__What this task involves__:
The answer should hold exactly the lines of the entries below from the one containing "Ferace Kadın Büyük" through the last line, both included.

__Data under study__:
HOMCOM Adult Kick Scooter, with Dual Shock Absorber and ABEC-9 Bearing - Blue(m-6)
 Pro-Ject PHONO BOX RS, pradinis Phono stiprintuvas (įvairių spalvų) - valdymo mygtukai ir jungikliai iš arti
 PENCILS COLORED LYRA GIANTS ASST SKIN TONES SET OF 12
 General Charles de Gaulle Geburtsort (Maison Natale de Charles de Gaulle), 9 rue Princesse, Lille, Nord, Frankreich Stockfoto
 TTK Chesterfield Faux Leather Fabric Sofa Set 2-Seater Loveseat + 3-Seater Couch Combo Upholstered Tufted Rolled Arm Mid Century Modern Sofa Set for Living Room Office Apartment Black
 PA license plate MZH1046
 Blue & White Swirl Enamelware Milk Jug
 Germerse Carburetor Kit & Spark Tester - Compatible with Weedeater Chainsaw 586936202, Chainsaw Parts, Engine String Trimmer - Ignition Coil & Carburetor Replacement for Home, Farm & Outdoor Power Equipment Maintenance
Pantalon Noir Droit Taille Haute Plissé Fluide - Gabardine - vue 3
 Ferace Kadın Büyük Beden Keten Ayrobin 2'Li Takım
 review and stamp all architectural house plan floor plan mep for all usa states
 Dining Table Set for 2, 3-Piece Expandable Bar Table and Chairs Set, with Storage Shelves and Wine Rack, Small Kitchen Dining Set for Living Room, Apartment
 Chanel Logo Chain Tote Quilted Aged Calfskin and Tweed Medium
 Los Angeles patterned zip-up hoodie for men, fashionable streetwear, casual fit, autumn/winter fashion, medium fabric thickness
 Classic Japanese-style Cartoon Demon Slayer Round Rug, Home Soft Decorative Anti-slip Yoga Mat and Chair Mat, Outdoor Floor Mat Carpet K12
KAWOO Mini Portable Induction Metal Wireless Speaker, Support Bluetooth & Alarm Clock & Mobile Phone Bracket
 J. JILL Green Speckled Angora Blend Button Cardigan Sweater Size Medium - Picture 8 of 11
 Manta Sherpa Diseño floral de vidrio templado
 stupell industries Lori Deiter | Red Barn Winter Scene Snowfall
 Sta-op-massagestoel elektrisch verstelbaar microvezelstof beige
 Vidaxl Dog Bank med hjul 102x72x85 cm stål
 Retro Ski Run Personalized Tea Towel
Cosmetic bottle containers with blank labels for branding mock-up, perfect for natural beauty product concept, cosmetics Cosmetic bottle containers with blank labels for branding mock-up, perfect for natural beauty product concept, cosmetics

__Problem solution__:
 Ferace Kadın Büyük Beden Keten Ayrobin 2'Li Takım
 review and stamp all architectural house plan floor plan mep for all usa states
 Dining Table Set for 2, 3-Piece Expandable Bar Table and Chairs Set, with Storage Shelves and Wine Rack, Small Kitchen Dining Set for Living Room, Apartment
 Chanel Logo Chain Tote Quilted Aged Calfskin and Tweed Medium
 Los Angeles patterned zip-up hoodie for men, fashionable streetwear, casual fit, autumn/winter fashion, medium fabric thickness
 Classic Japanese-style Cartoon Demon Slayer Round Rug, Home Soft Decorative Anti-slip Yoga Mat and Chair Mat, Outdoor Floor Mat Carpet K12
KAWOO Mini Portable Induction Metal Wireless Speaker, Support Bluetooth & Alarm Clock & Mobile Phone Bracket
 J. JILL Green Speckled Angora Blend Button Cardigan Sweater Size Medium - Picture 8 of 11
 Manta Sherpa Diseño floral de vidrio templado
 stupell industries Lori Deiter | Red Barn Winter Scene Snowfall
 Sta-op-massagestoel elektrisch verstelbaar microvezelstof beige
 Vidaxl Dog Bank med hjul 102x72x85 cm stål
 Retro Ski Run Personalized Tea Towel
Cosmetic bottle containers with blank labels for branding mock-up, perfect for natural beauty product concept, cosmetics Cosmetic bottle containers with blank labels for branding mock-up, perfect for natural beauty product concept, cosmetics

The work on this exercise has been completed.